Quotes about Ella Baker

  • as activist historian Barbara Ransby has emphasized, we cannot romanticize leaderlessness. She recently pointed out that: "Those who romanticize the concept of leaderless movements often misleadingly deploy Ella Baker's words, "Strong people don't need [a] strong leader." Baker delivered this message in various iterations over her fifty-year career working in the trenches of racial-justice struggles, but what she meant was specific and contextual. She was calling for people to disinvest from the notion of the messianic, charismatic leader who promises political salvation in exchange for deference. Baker also did not mean that movements would naturally emerge without collective analysis, serious strategizing, organizing, mobilizing and consensus building."
  • It's like, why? You're going to burn out. It's not humanly possible for you to just be your Lone Ranger self out there in the world. Ella Baker's question, "Who are your people?" when she would meet you is so important. Who are you accountable to in this world? Because that will tell me a lot about who you are.
  • In the present era of devalued dreams and mocked hopes, we need to confront immoral power with moral power. That was the message of SNCC founder Ella Baker and the essence of the 1960s movements.
  • what happened, I think, was Ella Baker was really sort of the godmother for SNCC. I met Ella in the summer of 1960. And in the spring of 1960, she had taken the initiative to get the student sit-in energy at Shaw, her alma mater, and held off on the big civil rights leaders, to say, “Look, the kids ought to have the opportunity to manage their own insurgency,” right? And so, SNCC was the encapsulation of the sit-in movement, the energy of the sit-in movement, right? And so, that — and SNCC took that energy into the Freedom Rides, because it was the SNCC energy which said to the president of the United States and the attorney general, “It doesn’t matter what you’re saying, that, you know, there’s some danger here. Our lives are in danger, but we’ve decided that, with our lives, this is what we want to do.” Right? And so, SNCC, really, and those students became the example for students all over the country — right? — the idea that students should draw a line in the sand and say, “Look, that’s it. That’s enough. We don’t want to live in this country unless we can change it.”
  • I idolize Fannie Lou Hamer and Ella Baker. And they are supreme examples of what being freedom fighters, principled, fearless — or at least courageous. There’s a difference between being fearless and being courageous. Courageous is actually better, because everyone should have some fear about what might actually harm them...Ella Baker, of course, she was a person — among so many other things, she worked for all of the major civil rights organizations at some time. So she had experience across organizations. She also was doing that grassroots, very, very dangerous organizing in the Jim Crow South, in little towns, in rural areas.

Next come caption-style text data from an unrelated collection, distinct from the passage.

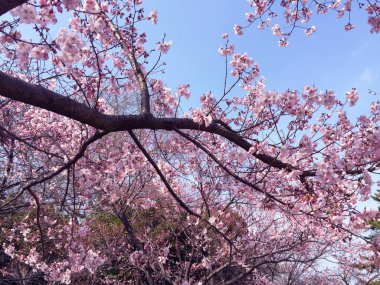 Tokyo, Japonya 'da kiraz çiçekleri açıyor.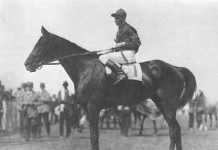 exterminator race horse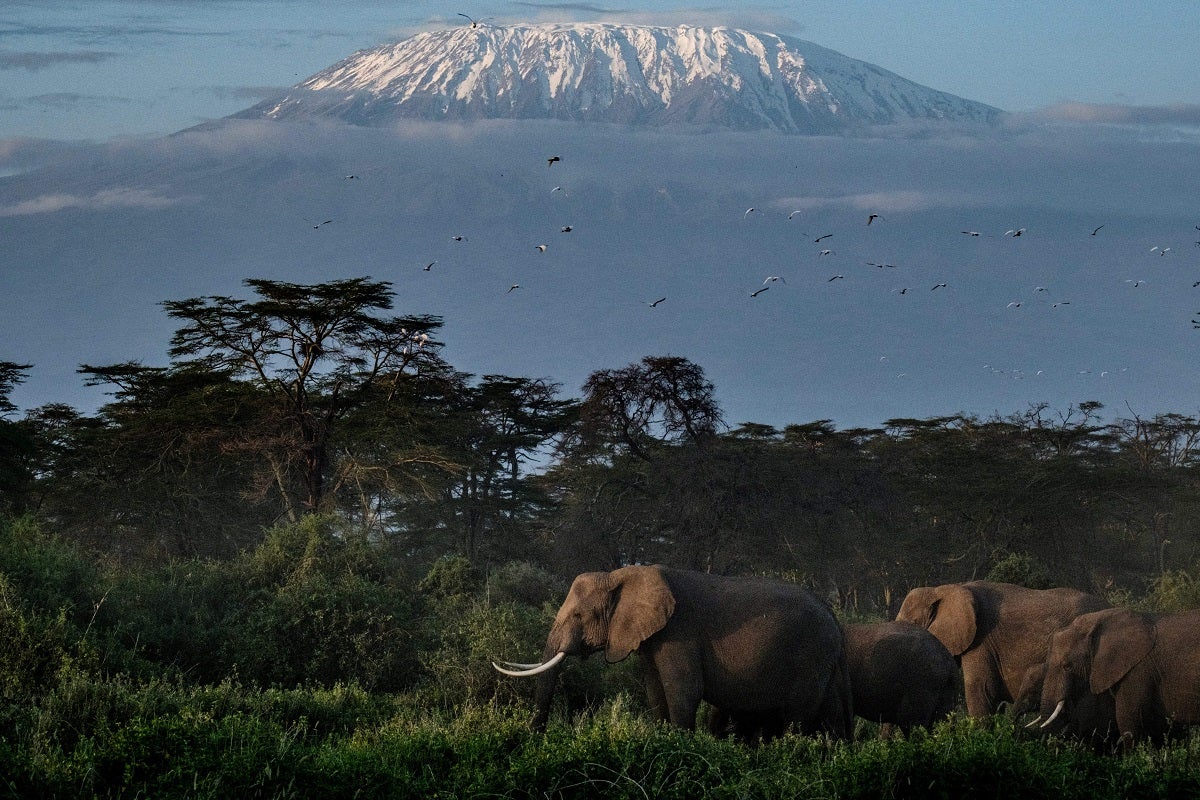 Africa's Tallest Mountain Gets High Speed Internet So Tourists Can Post Selfies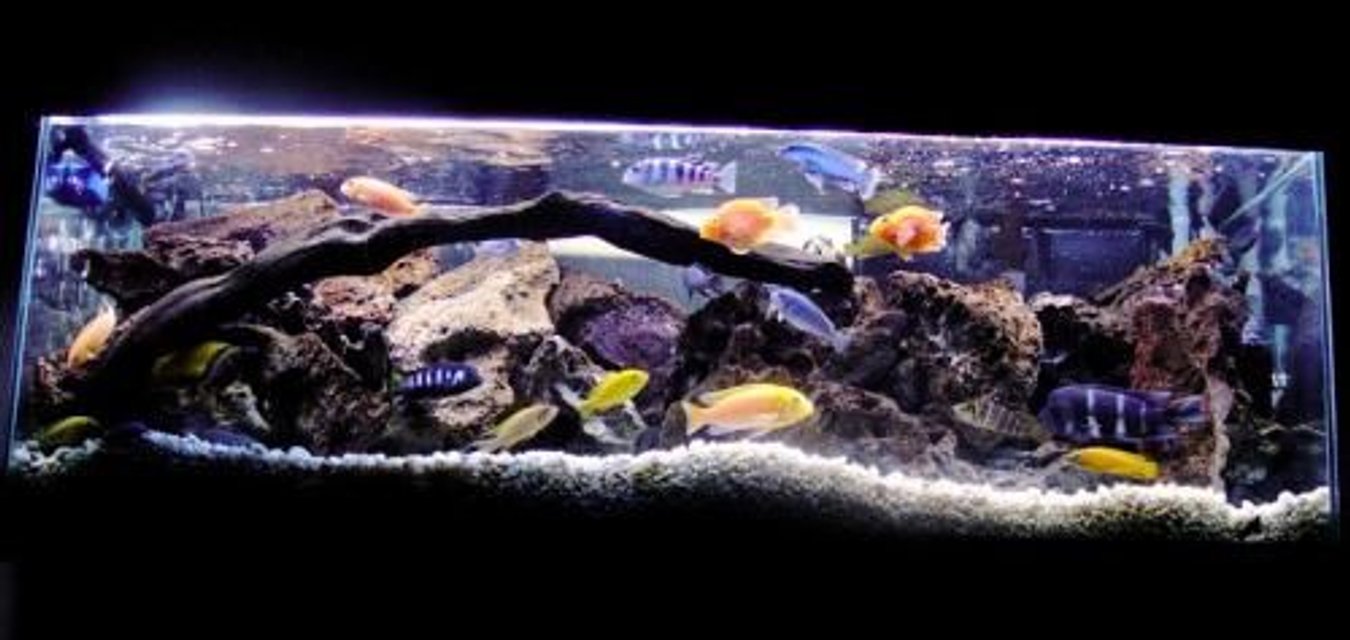 Rated #11: 60 Gallons Freshwater Fish Tank - More recent shot of my main African tank.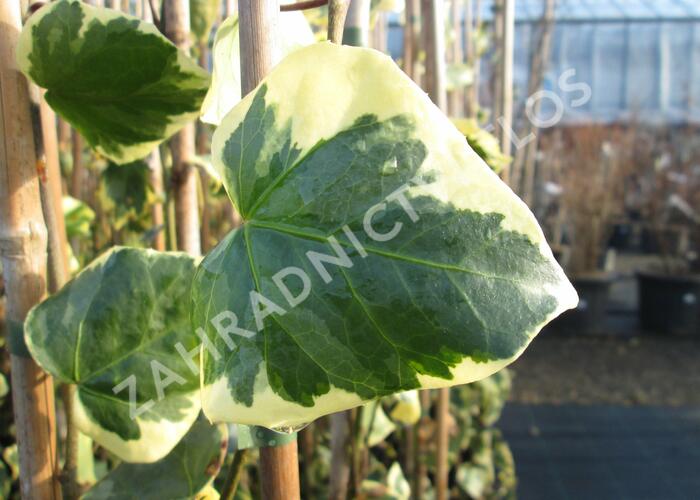 Břečťan kavkazský 'Dentata Variegata' - Hedera colchica 'Dentata Variegata'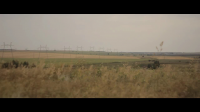 Видеопортрет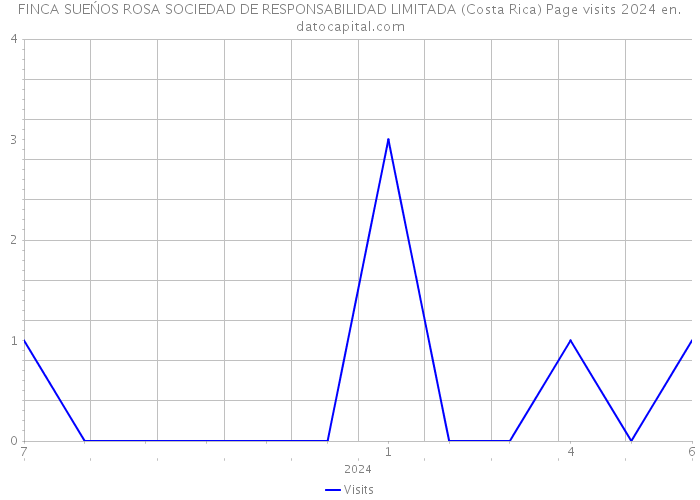 FINCA SUEŃOS ROSA SOCIEDAD DE RESPONSABILIDAD LIMITADA (Costa Rica) Page visits 2024 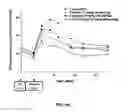 Fig. 29 - Exenatide analogue and use thereof
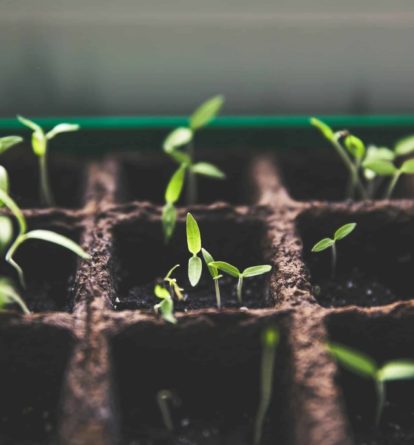 Seedlings growing in a cardboard seed tray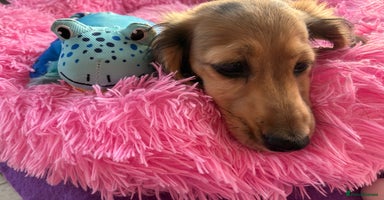 Miniature Dachshund dogs - Advert 7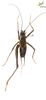 CollectionObject 1849154; Unioeste Cascavel SAOP-347, 1df8f9c5-60e4-4f69-a2be-c25ed36e30be: Male. Dorsal view. Code: SAOP-347. (CollectionObject).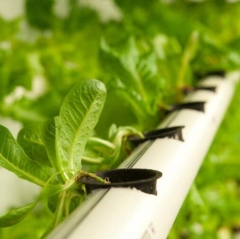 Hydroponic PVC Pipe Model:Round Pipe 50mm,hydroponic grow tubes,pvc pipe hydroponics,hydroponic tubing,pvc hydroponics tower,vertical hydroponics pvc,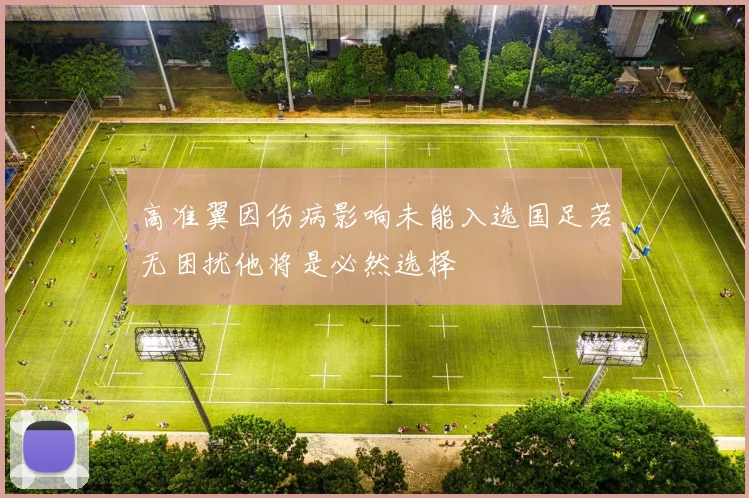 高准翼因伤病影响未能入选国足若无困扰他将是必然选择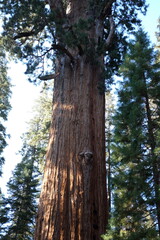 Sequoia National Park - October 2024
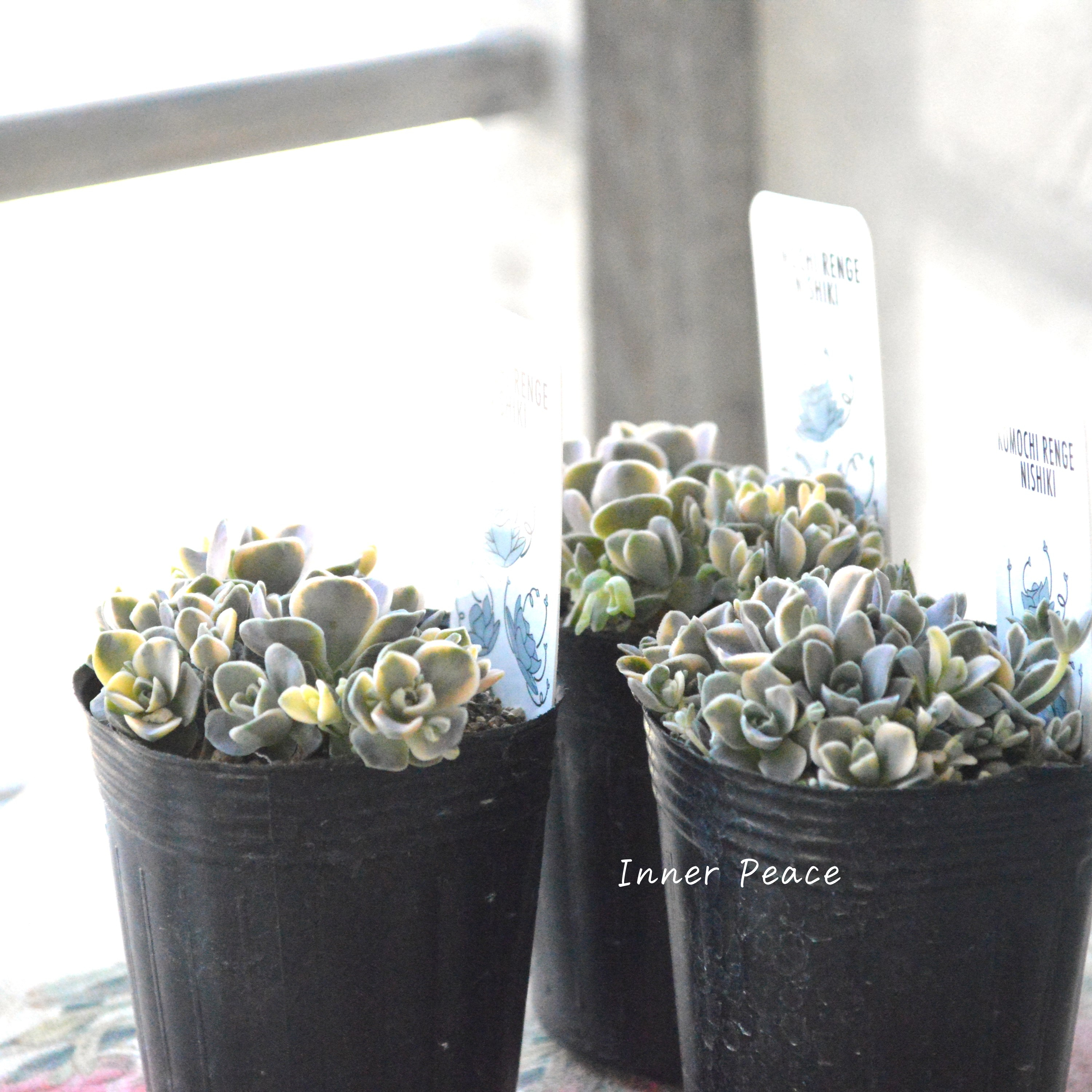 【希少】 子持ち蓮華錦(コモチレンゲ) 2寸POT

But she is probably best known for the person who inspired and made possible the founding of the Student Nonviolent Coordinating Committee, which is SNCC.
  • one of the greatest radical Democrats in the twentieth century.
  • The practical and philosophical contribution of Ella Baker to SNCC, the southern civil rights movement, and the entire student movement cannot be overestimated. Baker asserted that what the movement needed was "the development of people who are interested not in being leaders as much as in developing leadership among other people." Baker nurtured this potential in the Black southern student movement. SNCC was created as a coordinating body to bring together and maximize the effectiveness of the local student movements. Baker, then fifty-six years old and increasingly frustrated with the hierarchical style of the Southern Christian Leadership Conference (SCLC), which she had helped develop, challenged the students to consider the strategic question "[w]here do we go from here?"
    • Debra L. Schultz Going South: Jewish Women in the Civil Rights Movement (2002)
  • The laudable move away from lavishing attention solely on charismatic leaders like Martin Luther King Jr. to giving credit to behind-the-scenes Black women catalysts like Ella Baker has created more space for examining the contributions of Black and white women on the ground.
    • Debra L. Schultz Going South: Jewish Women in the Civil Rights Movement (2002)
  • In 1969, Ella Baker, SNCC’s great mentor, pointed us in the direction of meaningful action when she said, “In order for us as poor and oppressed people to become a part of a society that is meaningful, the system under which we now exist has to be radically changed.” This means that we are going to have to learn to think in radical terms. I use the term radical in its original meaning – getting down to and understanding the root cause. Baker continued, “It means facing a system that does not lend itself to your needs and devising means by which you change that system.”
  • women played a crucial role in those early dangerous years of organizing in the South, and were looked on with admiration. Many of these were older women like Ella Baker, and Amelia Boynton in Selma, Alabama, and "Mama Dolly" in Albany, Georgia.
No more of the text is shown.